GIVEN INFORMATION:
● ● ● ●
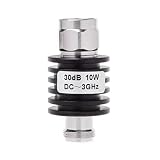 ★ El paquete incluye: 1PCx atenuador fijo coaxial.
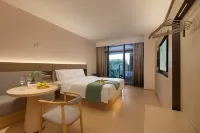 Mini Youjia Hotel (Rongjiang New District National Fitness Center) - New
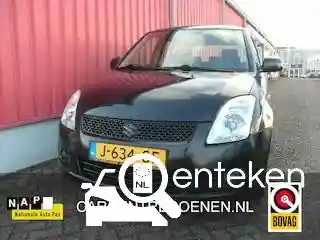 Suzuki Swift 1300 2009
● ● ● ●
TASK GOAL: The result should be the full listing, retyped exactly and free of pictures.

REPLY TO THE EXERCISE:
 ★ El paquete incluye: 1PCx atenuador fijo coaxial.
 Mini Youjia Hotel (Rongjiang New District National Fitness Center) - New
 Suzuki Swift 1300 2009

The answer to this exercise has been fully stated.